-- Exercise goal --
Reproduce each line of the material that follows, word for word.

=== Begin Enclosure ===

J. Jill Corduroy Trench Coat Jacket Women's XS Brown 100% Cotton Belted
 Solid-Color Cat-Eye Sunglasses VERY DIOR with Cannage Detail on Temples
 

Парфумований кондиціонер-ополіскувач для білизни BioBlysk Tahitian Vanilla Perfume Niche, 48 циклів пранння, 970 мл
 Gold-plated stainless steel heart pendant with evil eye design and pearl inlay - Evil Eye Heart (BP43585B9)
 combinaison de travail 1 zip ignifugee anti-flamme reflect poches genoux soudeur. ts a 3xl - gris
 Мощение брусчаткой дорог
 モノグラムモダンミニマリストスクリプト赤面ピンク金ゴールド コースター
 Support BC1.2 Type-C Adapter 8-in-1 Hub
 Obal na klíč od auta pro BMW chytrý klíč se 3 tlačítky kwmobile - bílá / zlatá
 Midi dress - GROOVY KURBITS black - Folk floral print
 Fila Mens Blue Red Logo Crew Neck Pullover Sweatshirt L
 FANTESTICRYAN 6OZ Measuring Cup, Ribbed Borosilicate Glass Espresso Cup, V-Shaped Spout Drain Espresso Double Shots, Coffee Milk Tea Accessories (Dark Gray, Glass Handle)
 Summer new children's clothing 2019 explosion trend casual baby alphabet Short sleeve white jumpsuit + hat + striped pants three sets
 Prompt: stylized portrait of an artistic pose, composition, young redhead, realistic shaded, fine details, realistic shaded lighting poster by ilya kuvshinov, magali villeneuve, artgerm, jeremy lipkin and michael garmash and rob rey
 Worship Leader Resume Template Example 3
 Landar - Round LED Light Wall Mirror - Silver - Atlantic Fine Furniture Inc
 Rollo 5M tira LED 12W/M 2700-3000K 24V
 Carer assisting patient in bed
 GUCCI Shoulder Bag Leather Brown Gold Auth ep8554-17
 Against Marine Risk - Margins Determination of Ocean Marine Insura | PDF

=== End Enclosure ===

-- Written reply --
J. Jill Corduroy Trench Coat Jacket Women's XS Brown 100% Cotton Belted
 Solid-Color Cat-Eye Sunglasses VERY DIOR with Cannage Detail on Temples
 

Парфумований кондиціонер-ополіскувач для білизни BioBlysk Tahitian Vanilla Perfume Niche, 48 циклів пранння, 970 мл
 Gold-plated stainless steel heart pendant with evil eye design and pearl inlay - Evil Eye Heart (BP43585B9)
 combinaison de travail 1 zip ignifugee anti-flamme reflect poches genoux soudeur. ts a 3xl - gris
 Мощение брусчаткой дорог
 モノグラムモダンミニマリストスクリプト赤面ピンク金ゴールド コースター
 Support BC1.2 Type-C Adapter 8-in-1 Hub
 Obal na klíč od auta pro BMW chytrý klíč se 3 tlačítky kwmobile - bílá / zlatá
 Midi dress - GROOVY KURBITS black - Folk floral print
 Fila Mens Blue Red Logo Crew Neck Pullover Sweatshirt L
 FANTESTICRYAN 6OZ Measuring Cup, Ribbed Borosilicate Glass Espresso Cup, V-Shaped Spout Drain Espresso Double Shots, Coffee Milk Tea Accessories (Dark Gray, Glass Handle)
 Summer new children's clothing 2019 explosion trend casual baby alphabet Short sleeve white jumpsuit + hat + striped pants three sets
 Prompt: stylized portrait of an artistic pose, composition, young redhead, realistic shaded, fine details, realistic shaded lighting poster by ilya kuvshinov, magali villeneuve, artgerm, jeremy lipkin and michael garmash and rob rey
 Worship Leader Resume Template Example 3
 Landar - Round LED Light Wall Mirror - Silver - Atlantic Fine Furniture Inc
 Rollo 5M tira LED 12W/M 2700-3000K 24V
 Carer assisting patient in bed
 GUCCI Shoulder Bag Leather Brown Gold Auth ep8554-17
 Against Marine Risk - Margins Determination of Ocean Marine Insura | PDF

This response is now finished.